■ **Exercise prompt**: Write out, without any change, the lines in the material below that run from the line with "beautiful distinct charms" through the line with "The price is for one piece only.", both included.

■ **Recorded data**:
--- --- ---

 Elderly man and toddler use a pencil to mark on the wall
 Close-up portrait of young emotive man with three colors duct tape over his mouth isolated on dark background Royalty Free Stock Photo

--- --- ---

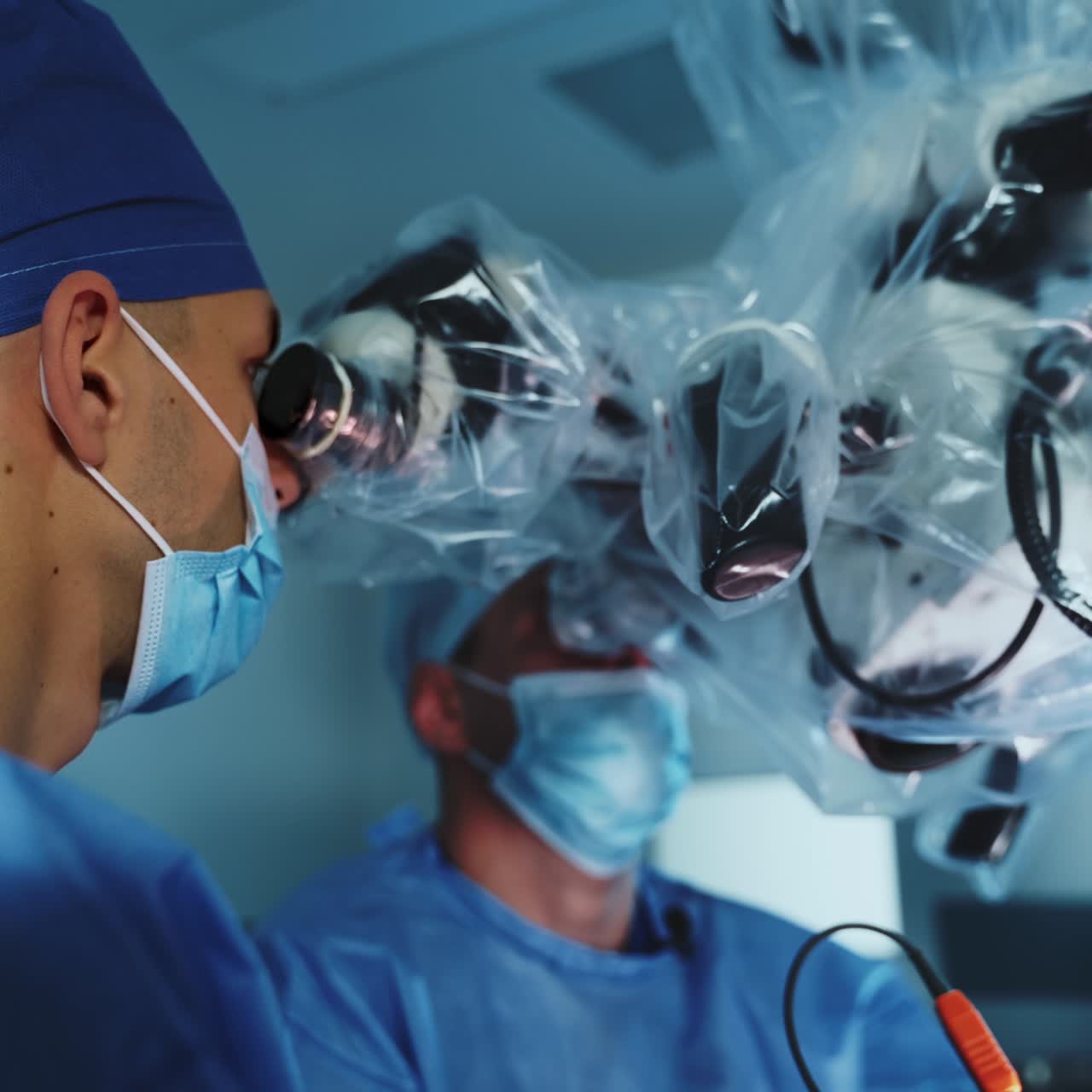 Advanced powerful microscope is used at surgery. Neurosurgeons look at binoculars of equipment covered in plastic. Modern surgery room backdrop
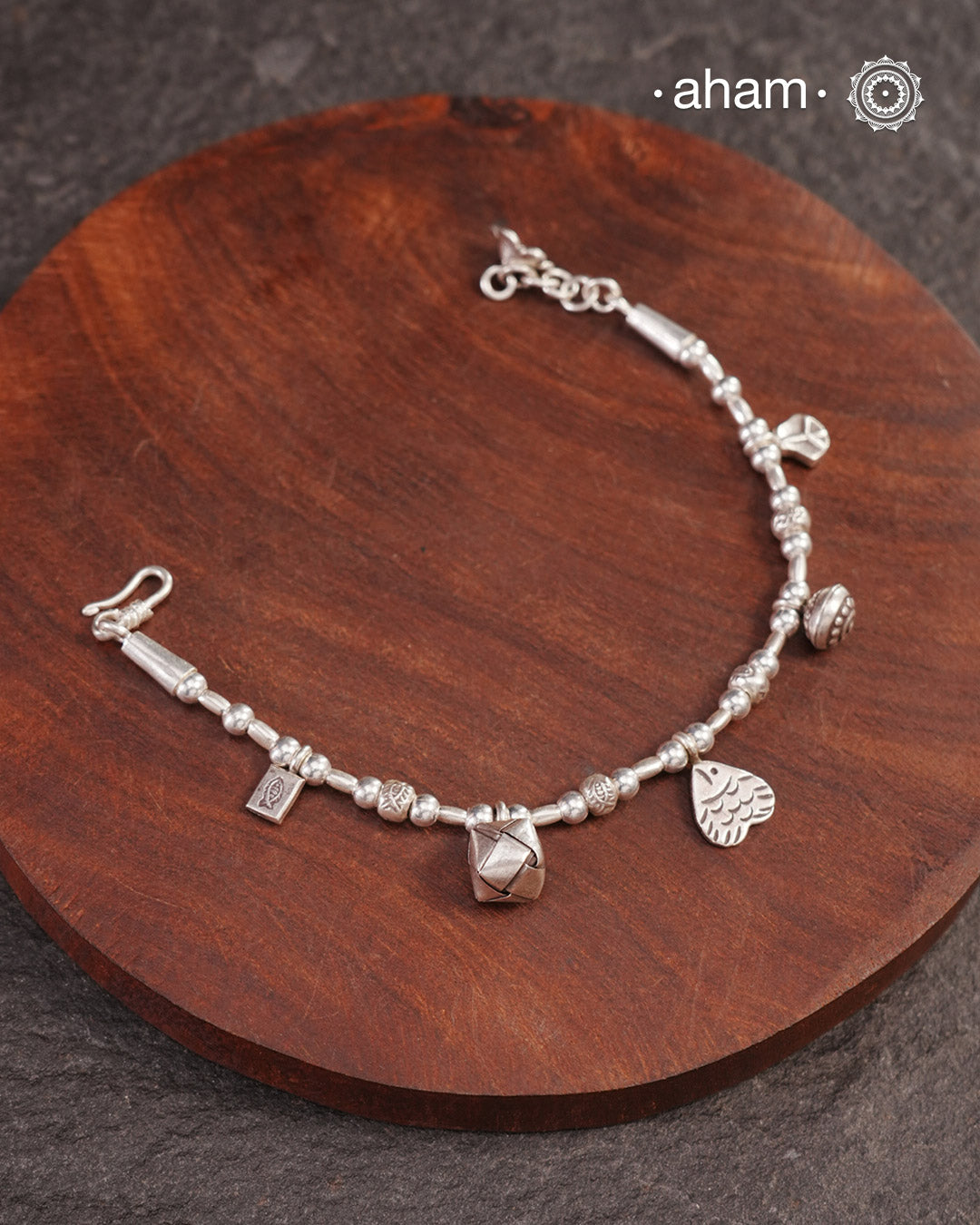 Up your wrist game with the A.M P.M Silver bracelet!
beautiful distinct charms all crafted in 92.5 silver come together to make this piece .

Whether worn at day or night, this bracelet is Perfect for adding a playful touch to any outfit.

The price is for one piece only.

--- --- ---

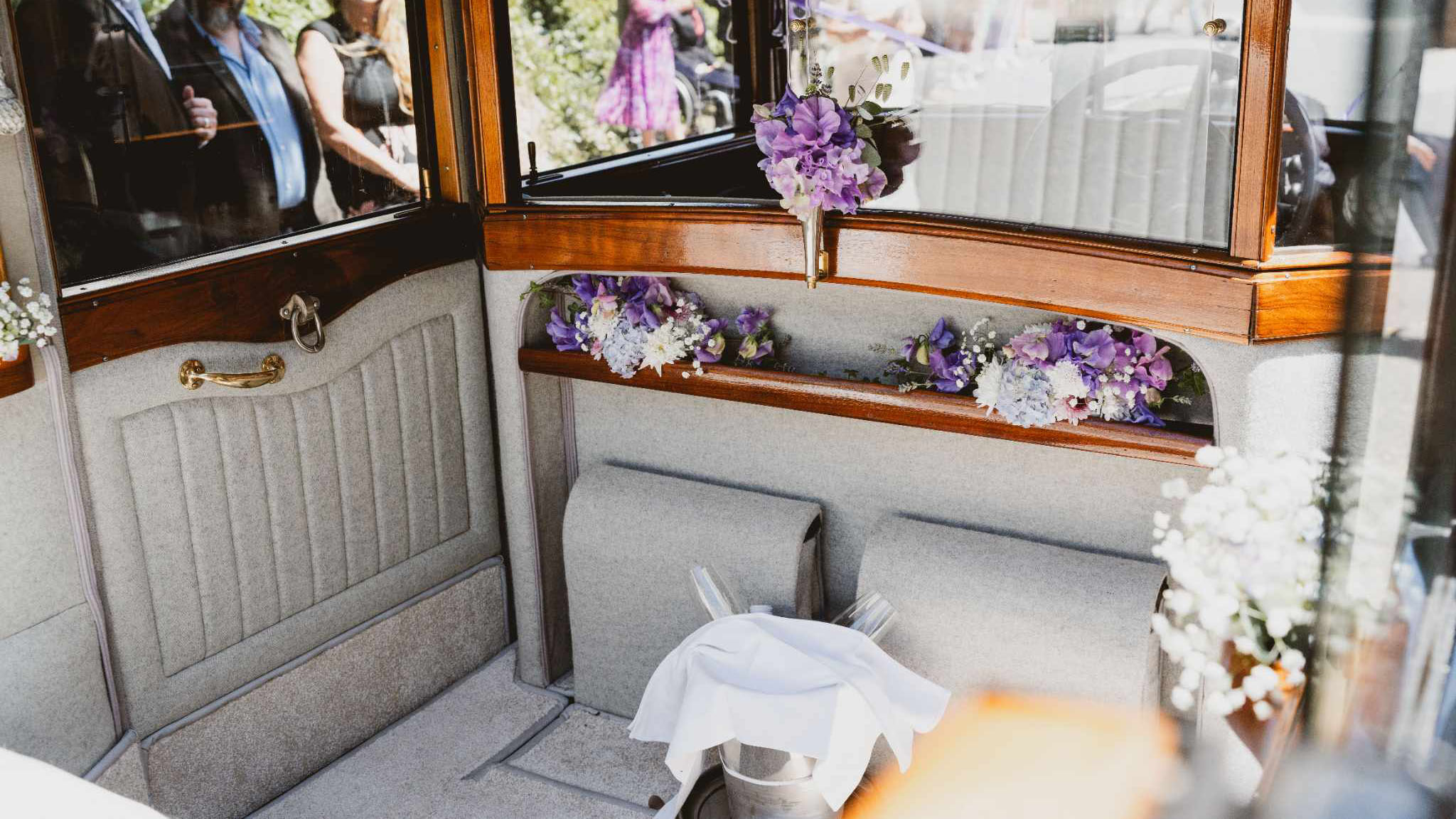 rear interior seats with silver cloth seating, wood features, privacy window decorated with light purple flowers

--- --- ---

■ **Your response**:
beautiful distinct charms all crafted in 92.5 silver come together to make this piece .

Whether worn at day or night, this bracelet is Perfect for adding a playful touch to any outfit.

The price is for one piece only.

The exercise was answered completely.